* Exercise prompt
Output exactly what appears from the line containing "Barclay Cuffed Board" to the end of the data below, and nothing more.
Dataset extract Block Start
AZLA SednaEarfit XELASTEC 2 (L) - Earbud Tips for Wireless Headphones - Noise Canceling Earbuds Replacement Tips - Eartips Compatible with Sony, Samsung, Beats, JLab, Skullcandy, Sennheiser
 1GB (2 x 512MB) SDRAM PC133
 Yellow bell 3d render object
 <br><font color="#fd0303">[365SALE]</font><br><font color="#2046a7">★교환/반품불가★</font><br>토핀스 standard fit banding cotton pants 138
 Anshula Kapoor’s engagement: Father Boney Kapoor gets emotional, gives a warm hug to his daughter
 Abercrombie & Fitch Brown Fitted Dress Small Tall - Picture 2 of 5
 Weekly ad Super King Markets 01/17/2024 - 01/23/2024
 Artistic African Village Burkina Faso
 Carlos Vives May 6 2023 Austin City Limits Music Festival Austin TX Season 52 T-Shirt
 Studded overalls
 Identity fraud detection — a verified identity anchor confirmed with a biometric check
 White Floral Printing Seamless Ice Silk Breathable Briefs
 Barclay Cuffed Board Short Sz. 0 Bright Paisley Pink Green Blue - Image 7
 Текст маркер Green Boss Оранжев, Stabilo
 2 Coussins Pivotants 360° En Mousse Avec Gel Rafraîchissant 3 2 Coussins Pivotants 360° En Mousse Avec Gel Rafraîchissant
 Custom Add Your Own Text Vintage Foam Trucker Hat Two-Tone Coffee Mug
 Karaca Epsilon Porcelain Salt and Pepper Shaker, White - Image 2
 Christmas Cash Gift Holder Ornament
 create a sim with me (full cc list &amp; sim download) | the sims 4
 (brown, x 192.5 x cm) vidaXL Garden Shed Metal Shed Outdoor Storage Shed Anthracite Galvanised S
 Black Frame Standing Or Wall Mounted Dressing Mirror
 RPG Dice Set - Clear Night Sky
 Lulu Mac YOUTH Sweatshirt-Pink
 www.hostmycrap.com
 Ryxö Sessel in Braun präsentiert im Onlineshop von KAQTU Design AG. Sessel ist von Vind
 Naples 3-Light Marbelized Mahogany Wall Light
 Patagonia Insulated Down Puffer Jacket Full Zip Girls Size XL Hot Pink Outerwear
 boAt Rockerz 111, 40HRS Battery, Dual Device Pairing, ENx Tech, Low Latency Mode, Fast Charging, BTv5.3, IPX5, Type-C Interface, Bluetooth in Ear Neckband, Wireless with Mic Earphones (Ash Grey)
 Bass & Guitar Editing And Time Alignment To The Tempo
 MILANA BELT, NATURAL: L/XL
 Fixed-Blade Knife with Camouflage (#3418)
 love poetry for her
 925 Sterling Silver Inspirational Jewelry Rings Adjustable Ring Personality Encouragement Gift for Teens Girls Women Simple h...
Dataset extract Block End
* Problem solution
 Barclay Cuffed Board Short Sz. 0 Bright Paisley Pink Green Blue - Image 7
 Текст маркер Green Boss Оранжев, Stabilo
 2 Coussins Pivotants 360° En Mousse Avec Gel Rafraîchissant 3 2 Coussins Pivotants 360° En Mousse Avec Gel Rafraîchissant
 Custom Add Your Own Text Vintage Foam Trucker Hat Two-Tone Coffee Mug
 Karaca Epsilon Porcelain Salt and Pepper Shaker, White - Image 2
 Christmas Cash Gift Holder Ornament
 create a sim with me (full cc list &amp; sim download) | the sims 4
 (brown, x 192.5 x cm) vidaXL Garden Shed Metal Shed Outdoor Storage Shed Anthracite Galvanised S
 Black Frame Standing Or Wall Mounted Dressing Mirror
 RPG Dice Set - Clear Night Sky
 Lulu Mac YOUTH Sweatshirt-Pink
 www.hostmycrap.com
 Ryxö Sessel in Braun präsentiert im Onlineshop von KAQTU Design AG. Sessel ist von Vind
 Naples 3-Light Marbelized Mahogany Wall Light
 Patagonia Insulated Down Puffer Jacket Full Zip Girls Size XL Hot Pink Outerwear
 boAt Rockerz 111, 40HRS Battery, Dual Device Pairing, ENx Tech, Low Latency Mode, Fast Charging, BTv5.3, IPX5, Type-C Interface, Bluetooth in Ear Neckband, Wireless with Mic Earphones (Ash Grey)
 Bass & Guitar Editing And Time Alignment To The Tempo
 MILANA BELT, NATURAL: L/XL
 Fixed-Blade Knife with Camouflage (#3418)
 love poetry for her
 925 Sterling Silver Inspirational Jewelry Rings Adjustable Ring Personality Encouragement Gift for Teens Girls Women Simple h...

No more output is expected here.